The fold frequency a bluff needs to break even, equal to bet divided by (pot plus bet); the complement of MDF.

Alpha (\(\alpha\)) is the fold frequency a pure bluff requires to break even. With bet \(b\) into pot \(p\): \[\alpha = \dfrac{b}{p+b}.\] If the opponent folds more than \(\alpha\), a bet of any two cards profits; if they fold less, the bluff loses chips on its own. Alpha is the bettor's-eye view; MDF is the caller's-eye view, and they are exact complements: \(\alpha + \text{MDF} = 1\).

Alpha drives the bluff-to-value ratio at equilibrium. A bigger bet has a higher \(\alpha\) (needs folds more often) and therefore supports more bluffs relative to value — that's why overbets carry the most bluffs and small bets the fewest. It also explains why bigger sizings are scarier: they demand the caller defend a smaller fraction of range (lower MDF), so more of their range gets folded out.

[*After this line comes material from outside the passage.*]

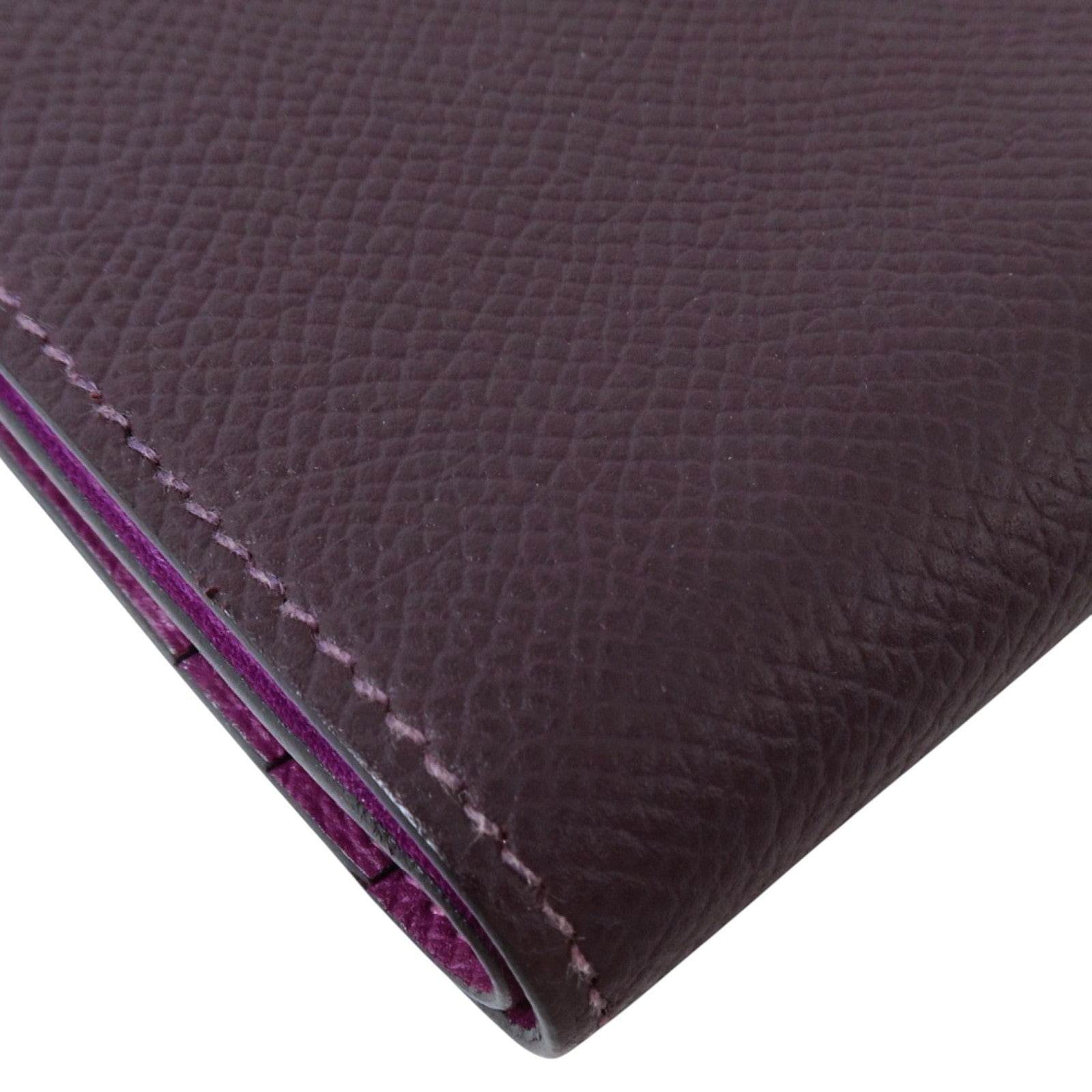 HERMES Epsom皮革Bearn Compact Wallet金扣錢包Raisin/Anemone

Don't confuse alpha with the equity your bluff needs at showdown — alpha is purely the fold-or-not break-even, assuming the bluff has no equity when called. When your bluff has backdoor or draw equity, the real bar is lower.

Example

Bet \(b = 75\) into pot \(p = 100\): \(\alpha = \dfrac{75}{100+75} = \dfrac{75}{175} \approx 0.429\). Your bluff needs folds 42.9% of the time to break even (and MDF for the caller is \(1 - 0.429 = 0.571\)). Push to a pot-sized bet, \(b = 100\): \(\alpha = \dfrac{100}{200} = 0.50\) — folds half the time to break even.